Verdachte zal van het meer of anders ten laste gelegde worden vrijgesproken, aangezien de rechtbank dat niet bewezen acht.
Voor zover in de tenlastelegging taal- en/of schrijffouten voorkomen, zijn deze in de bewezenverklaring verbeterd. Verdachte is daardoor niet geschaad in de verdediging.
Strafbaarheid van het bewezen verklaardeHet bewezen verklaarde levert op: impliciet subsidiair Poging tot doodslag.
Vervolgens is de vraag aan de orde of er sprake is van een strafuitsluitingsgrond.
Standpunt van de verdediging
Ter terechtzitting heeft de raadsman aangevoerd dat verdachte heeft gehandeld uit noodweer, als bedoeld in artikel 41, eerste lid, van het Wetboek van Strafrecht, dan wel noodweerexces als bedoeld in het tweede lid van dat artikel.
De raadsman heeft gesteld dat de verdachte zich geconfronteerd zag met een ogenblikkelijke, wederrechtelijke aanranding en dat, voor zover verdachte daarbij de grenzen van een noodzakelijke verdediging heeft overschreden, deze overschrijding het onmiddellijk gevolg is geweest van een door de ogenblikkelijke, wederrechtelijke aanranding veroorzaakte, hevige gemoedsbeweging.
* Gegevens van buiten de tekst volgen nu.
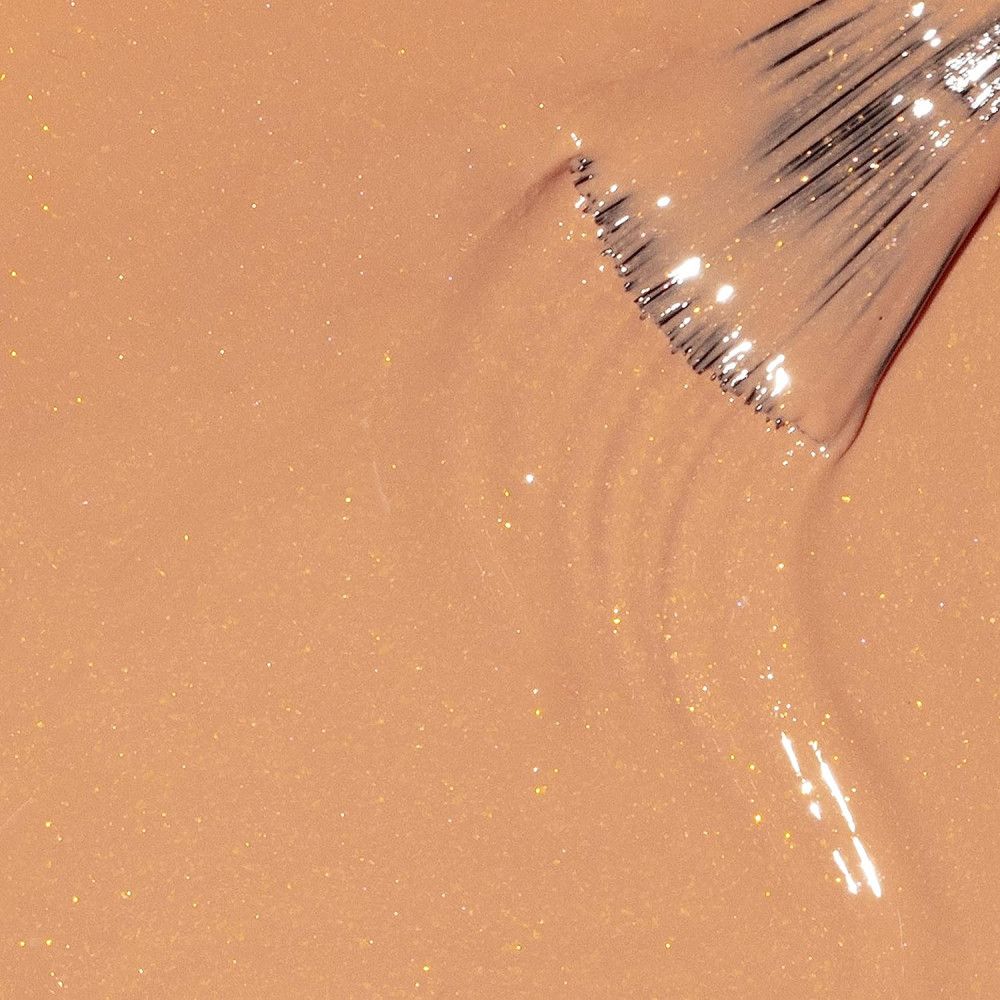 Vernis à ongles beige pailleté. Pinceau dans le vernis. Vue rapprochée.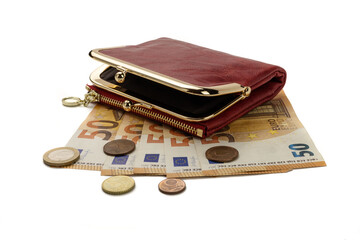 A red purse lying on fifty euro notes and coins, isolated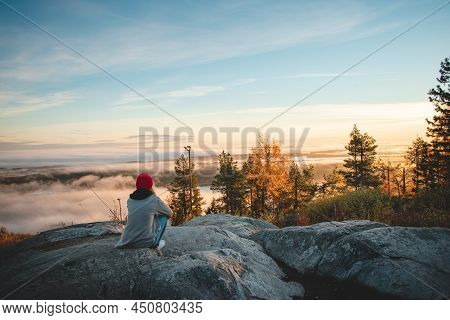 Hiker Sits Atop Vuokatinvaara In Sotkamo In The Kainuu Region, Finland At Sunrise And Above The Clou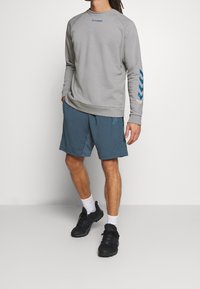 Sweat-shirt gris clair avec logo bleu, associé à un short turquoise, des baskets noires et des chaussettes blanches. Tenue de sport texturée et décontractée.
Daartoe heeft de raadsman -zakelijk weergegeven- aangevoerd dat aangever verdachte met een mes heeft aangevallen. Verdachte kon, omdat aangever boven op hem lag, geen kant op. Aangever heeft slechts een aantal relatief oppervlakkige verwondingen opgelopen aan niet-vitale delen van het lichaam. Wanneer de rechtbank van oordeel is dat de grenzen van de proportionaliteit zijn overschreden, moet dit worden verontschuldigd door de shock die verdachte ondervond van de aanval.
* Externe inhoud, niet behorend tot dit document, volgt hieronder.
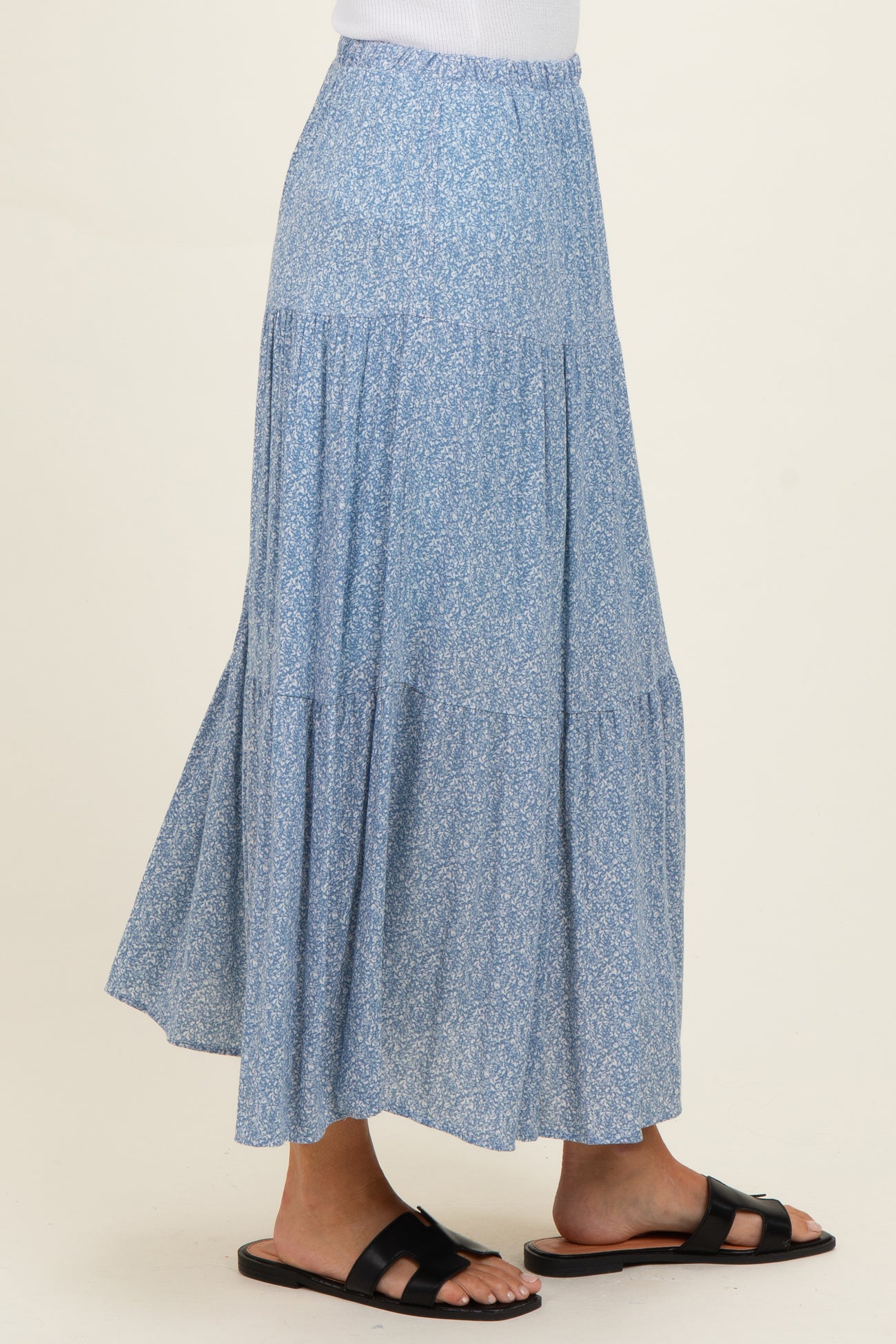 woman wearing a light blue floral maxi skirt with tiered design and a relaxed fit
Standpunt van de officier van justitie
De officier van justitie heeft zich op het standpunt gesteld dat niet is gebleken dat er sprake is geweest van een noodweersituatie. Verdachte was de agressor en hij heeft aangever met een mes gestoken. Er was geen sprake van een noodzaak tot verdediging en het beroep op noodweer dient dan ook te worden verworpen.
Oordeel van de rechtbank
Voor een geslaagd beroep op noodweer(exces) dient sprake te zijn van een ogenblikkelijke wederrechtelijke aanranding van verdachtes eigen lijf, eerbaarheid of goed of die van een derde, dan wel dient er sprake te zijn van een onmiddellijk dreigend gevaar daarvoor. De door verdachte verrichte handelingen dienen noodzakelijk te zijn geweest om de aanval te doen ophouden
(subsidiariteitsvereiste). Daarbij dient voorts te worden beoordeeld of verdachte binnen de grenzen van de noodzakelijke verdediging is gebleven (proportionaliteitsvereiste). Een beroep op noodweer(exces) kan niet slagen indien de gedraging van degene die zich op deze strafuitsluitingsgrond beroept, noch op grond van diens bedoeling, noch op grond van de uiterlijke verschijningsvorm van de gedraging kan worden aangemerkt als verdedigend, maar -naar de kern bezien- als aanvallend, bijvoorbeeld gericht op confrontatie of deelneming aan een gevecht, dient te worden beoordeeld.
De rechtbank stelt op basis van het dossier en de behandeling ter zitting het volgende vast. Op 22 januari 2023 bevinden verdachte en aangever zich in de woning van aangever. Tussen hen beiden ontstaat een woordenwisseling. Verdachte loopt naar de keuken, pakt een mes en steekt vervolgens aangever in zijn lichaam. Het was verdachte die de confrontatie met aangever heeft gezocht. De rechtbank is gelet hierop van oordeel dat niet aannemelijk is geworden dat sprake was van een situatie waarin verdachte zich moest (en mocht) verdedigen tegen een onmiddellijk gevaar, zodat geen sprake is van een noodweersituatie. Nu er geen sprake is geweest van een noodweersituatie, slaagt het beroep op noodweerexces reeds daarom niet.
Dit feit is strafbaar nu geen omstandigheden aannemelijk zijn geworden die de strafbaarheid uitsluiten.